L3M is the multi-layer version of the L3 architecture. It uses the same array structure as L3S but time-multiplexes cell hardware over multiple layers. Figure 2 shows the organization of a single L3M cell, which uses a shift register to store the states of each layer. The L3M cell processes states from bottom to top on each successive clock cycle. The state sequencer is similar to that of the L3S cell except that it has two additional states XU and XD to support vertical expansion. Expansion information from the layer "above" the current layer is taken from the next shift register stage. Expansion information from the level "below" the current layer is stored in a flip-flop at the end of the preceding cycle. Both calculations are suppressed by the /TOP signal when the top layer is reached. The preferential routing input PFV allows vertical expansion to be suspended; when zero the sequencer recirculates the current layer so that horizontal expansion can continue on successive clock cycles. The L3M array will find a connection in O(L*d) cycles for L layers.
As a proof of concept, the modules of the L3S and L3M accelerators have been coded in Verilog HDL and synthesized using the Xilinx ISE 4.2i and Synopsys FPGA Express tools targeting a Xilinx XC2S300E FPGA [8] on a Memec Development Board [9] . The synthesized L3S cell requires 17 4-input lookup tables (LUTs), 3 D flip-flops (DFFs), and 3 tristate buffers (TBUFs). The L3M cell requires 32 LUTs (including 3 SRL16 shift registers), 3 DFFs, and 3TBUFs. Table 2 shows the results of synthesizing the complete L3 router including cell array, decoders, control unit, and a serial interface to communicate with a host computer. All designs were tested and work properly, although the 16 X 16 singlelayer design failed to meet the timing constraint.
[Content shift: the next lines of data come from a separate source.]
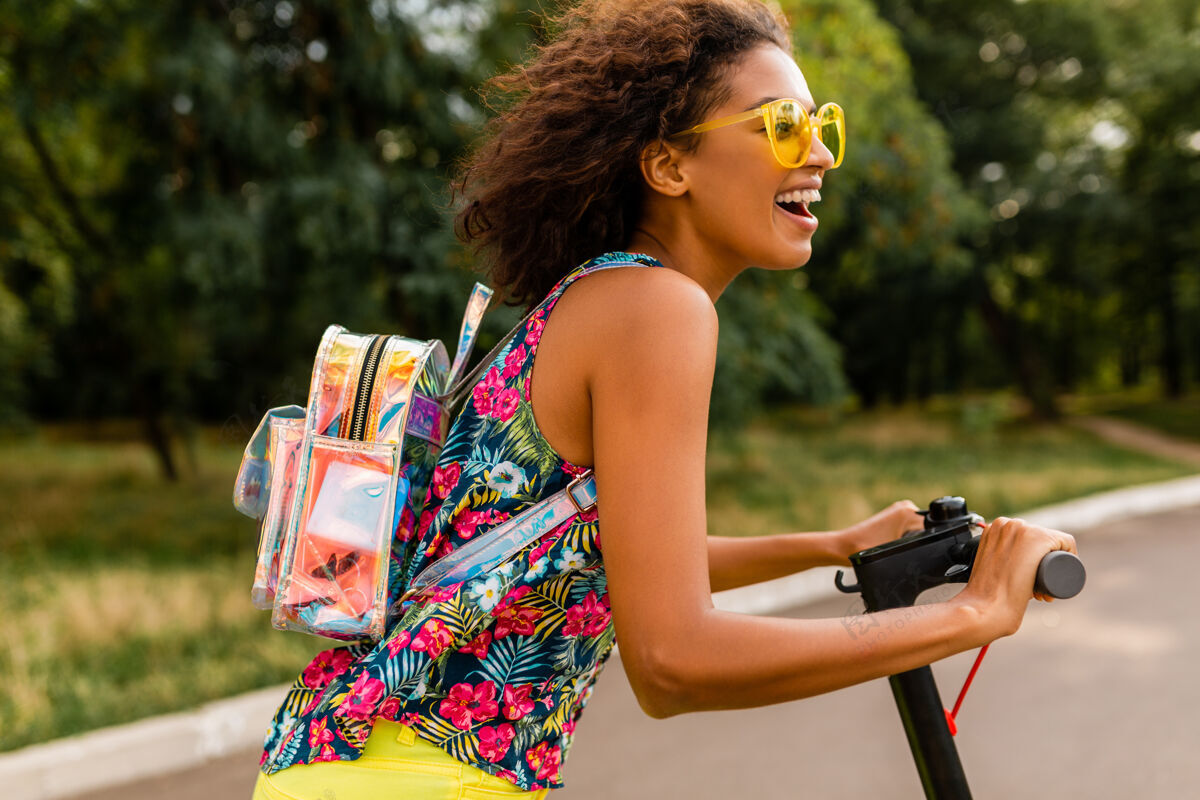 乘坐年轻时尚的黑人女子在公园里玩得很开心骑着电动脚踏车在夏天的时尚风格 五颜六色的时髦服装 穿着背包和黄色太阳镜女人多彩兴奋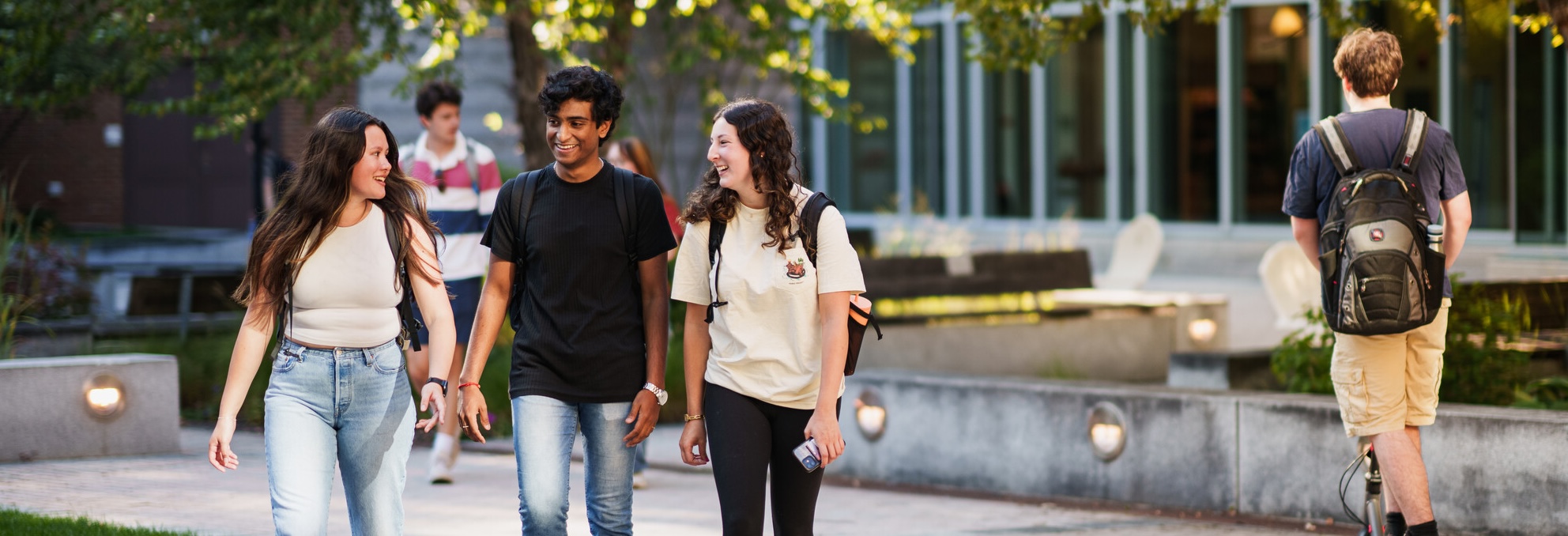 paul college students walking in front of the building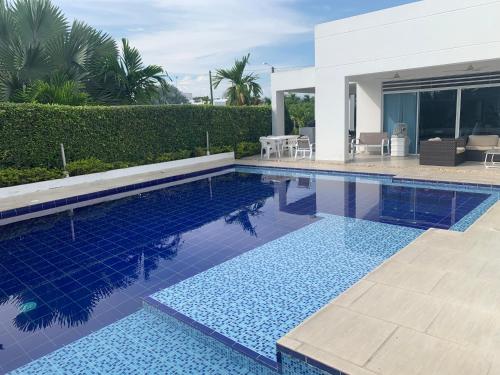 a swimming pool with blue tiles in a house at Casa Piscina Girardot Condominio Campestre in Flandes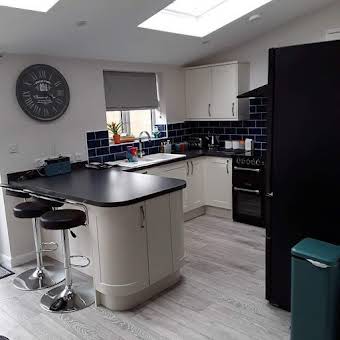 Fitted kitchen with laminate flooring throughout ground floor album cover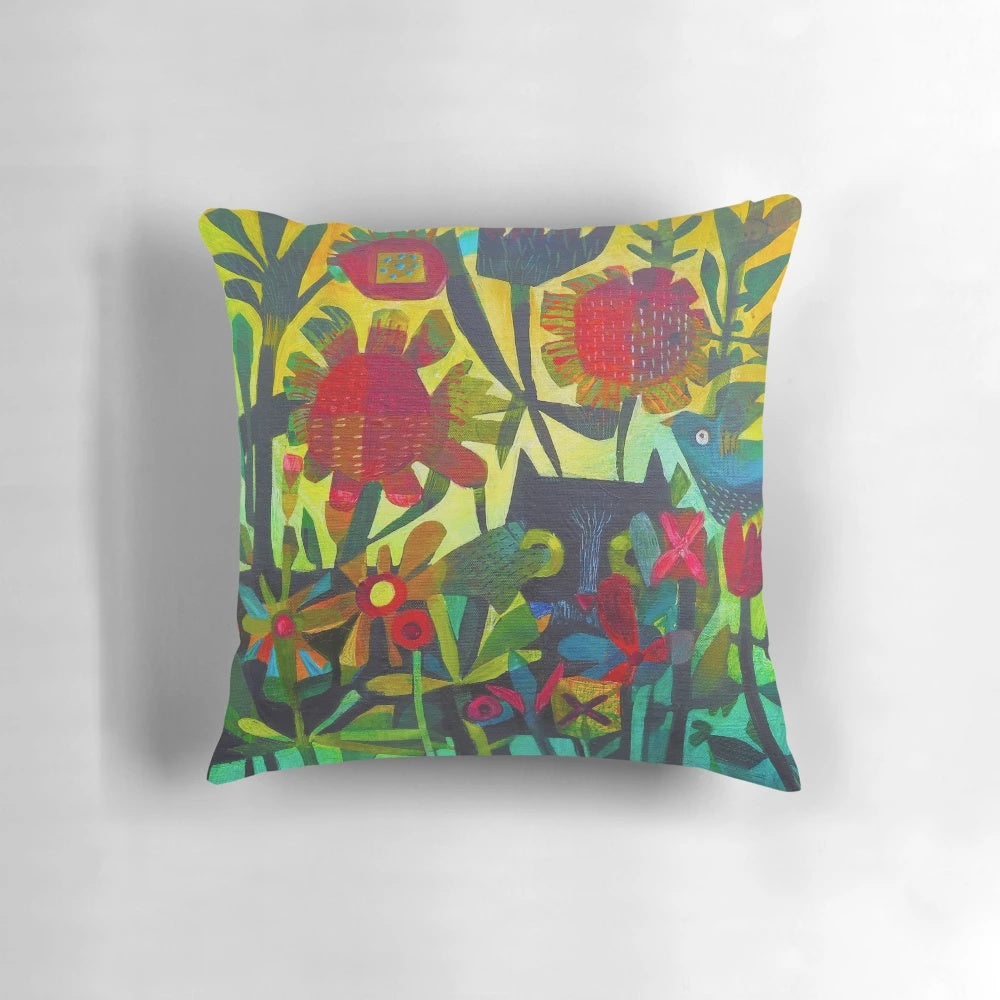 Colorful and bold Felix cat-shaped pillow with flowers and greenery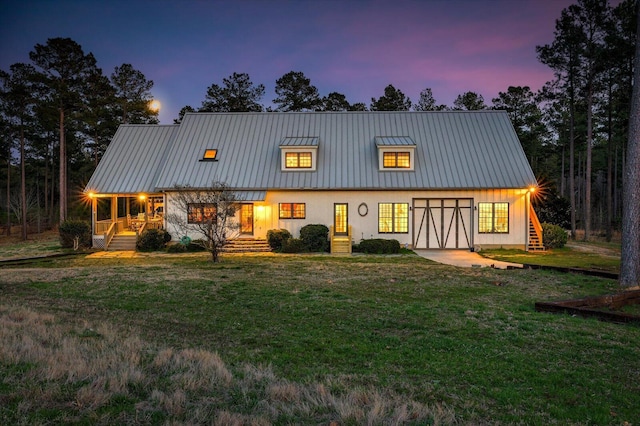 view of front of property featuring a standing seam roof, a lawn, and metal roof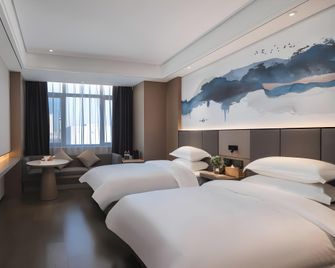 Greentree Eastern Hotel Chuzhou Suchu Industrial Park - Chuzhou - Bedroom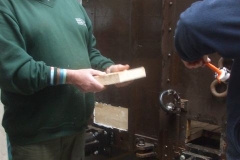... while in the Carriage Shed, Mark examines a piece of wood while Bill prepares ...
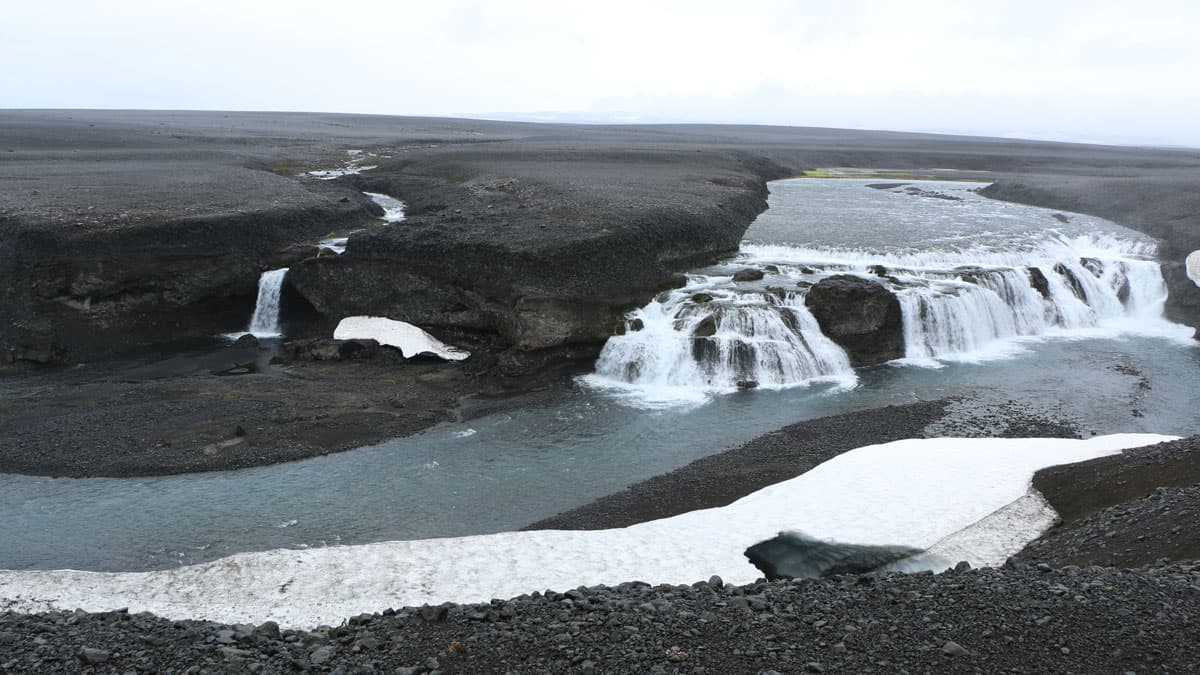 A waterfall cascades in an otherwise desolate volcanic landscape.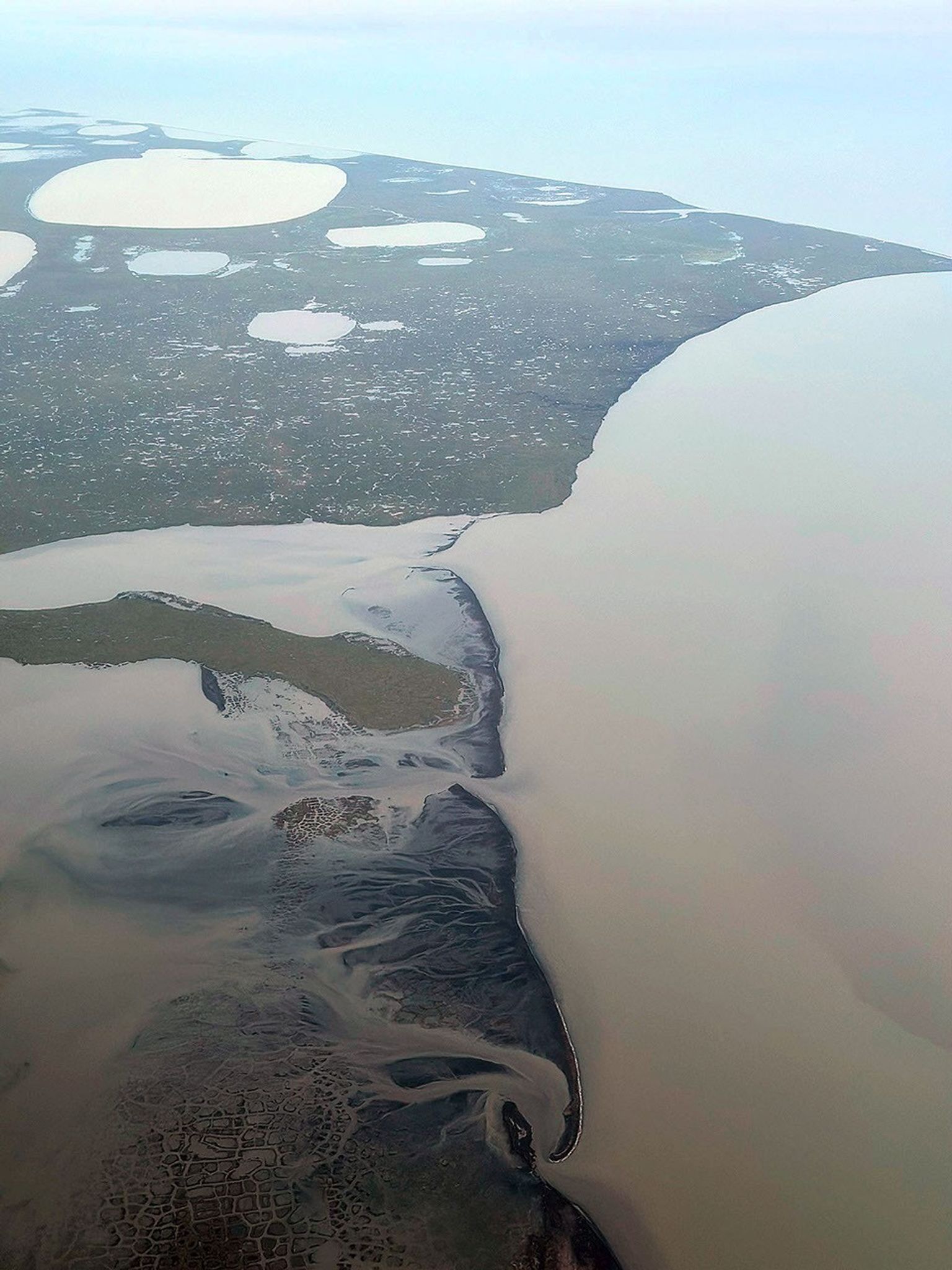 An aerial view of dark grey-green coastline, dotted with ponds, juts into pale blue, open sea. Cloudy rivers flow toward the coast.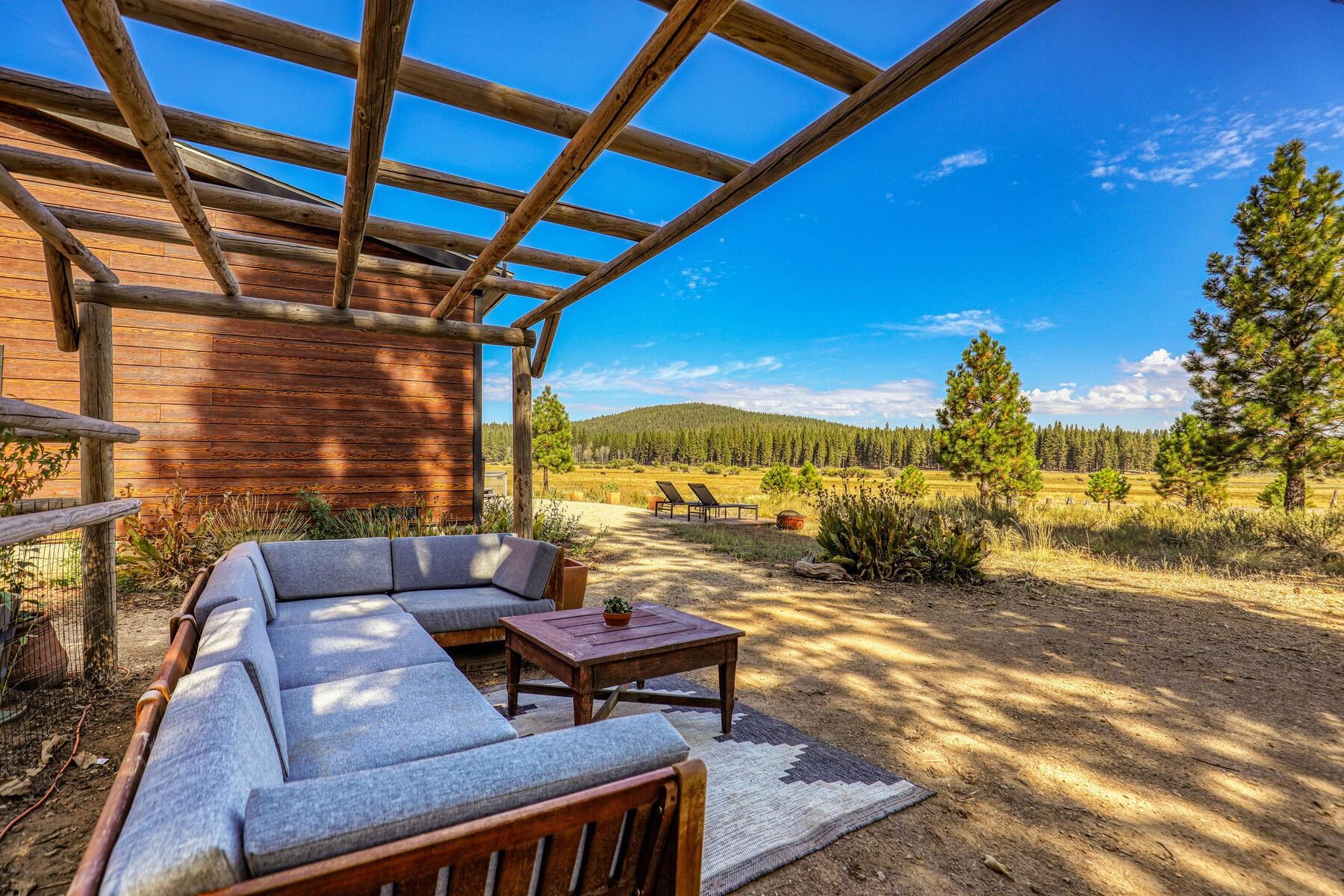 1015 Mountain Quail Road Calpine, CA 96124 - Photo 22 of 24 a view of a terrace with wooden floor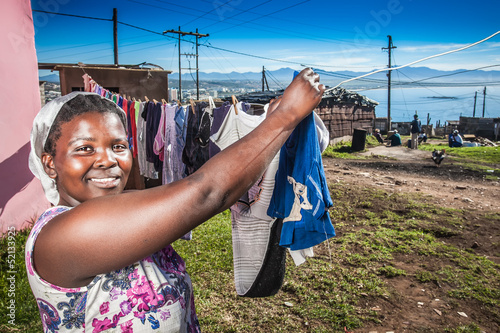 Photo: Woman busy with her family's laundry Woman busy with her family's laundry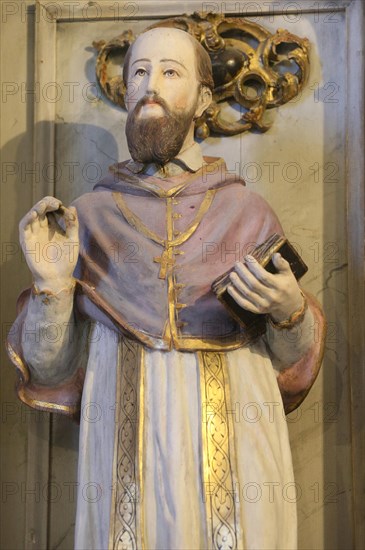 Les Plagnes baroque chapel. Saint Francis de Sales statue. France.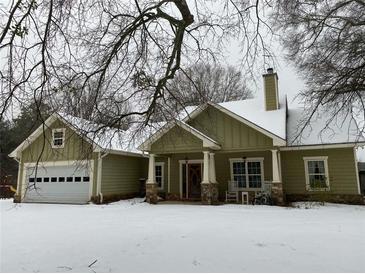 Charming home exterior with a well-manicured lawn and covered porch, complete with an attached garage at 10390 Rivertown Rd, Chattahoochee Hills, GA 30213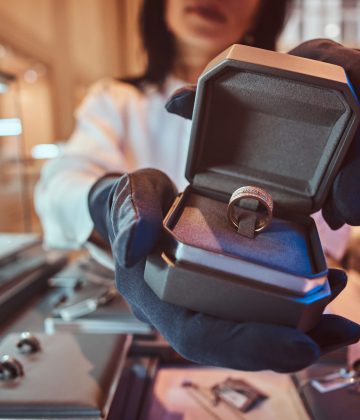 Woman assistant shows the exclusive gold ring in the jewelry store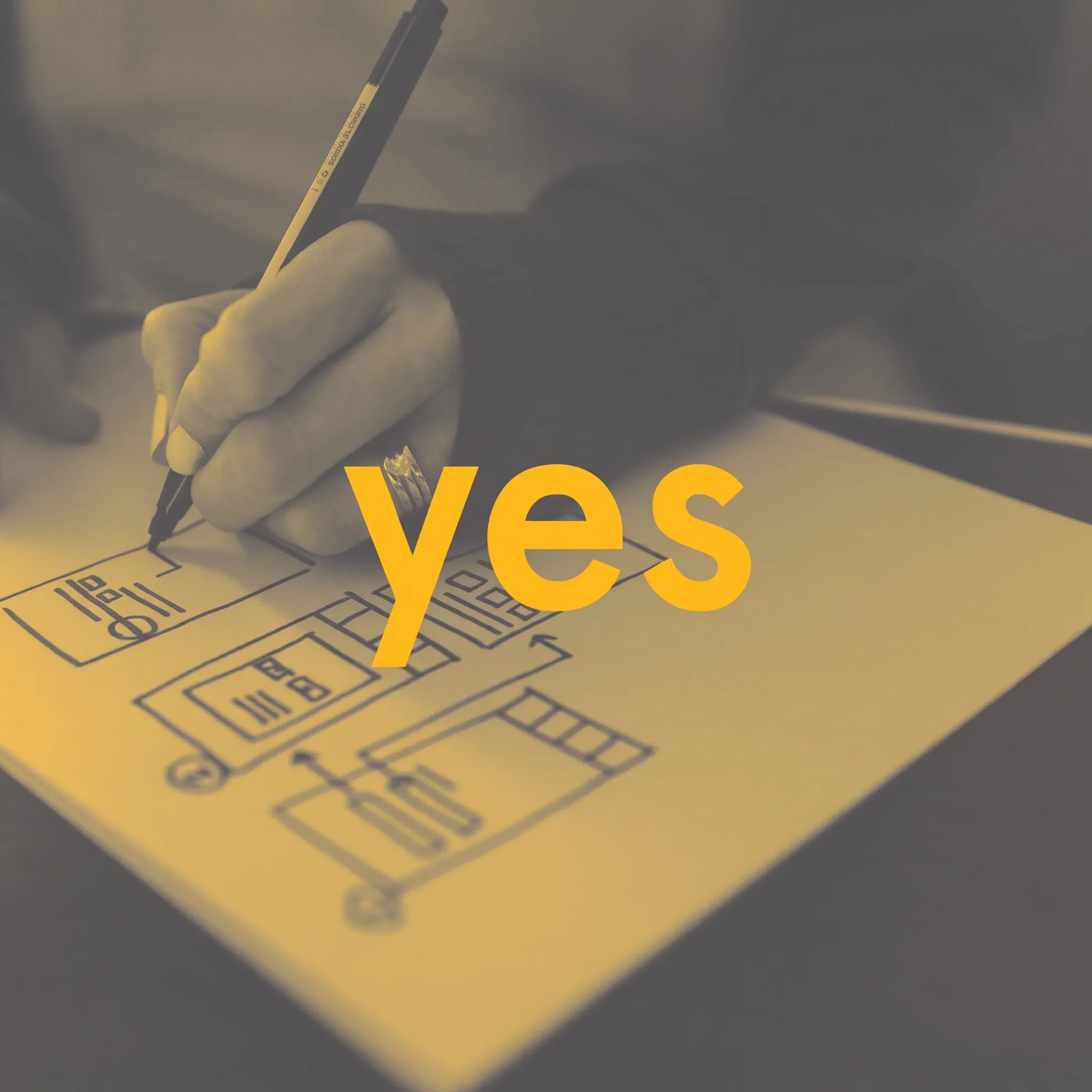 Designers collaborating over interface wireframes and user journey maps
The LUT requirements of the L3S and L3M cells can be used to predict the size of router that can be accommodated by a larger FPGA. For example, the Virtex-II Pro XC2VP125 device [8] contains 111,232 LUTs and could accommodate an 82 X 82 array of single-layer L3S cells or a 58 X 58 array of L3M cells.
Conclusion
This paper has described a new architecture for a direct-grid hardware routing accelerator and its implementation using FPGAs. The L3 architecture supports multiple layers, preferential routing, and iterative rip-up-and reroute. A working 16 X 16 single-layer router and 4 X 4 multi-layer have been demonstrated in a low-end FPGA. Future work will include implementation of larger routers, further design refinement to improve clock cycle time, and detailed performance comparisons of the hardware router to software implementations.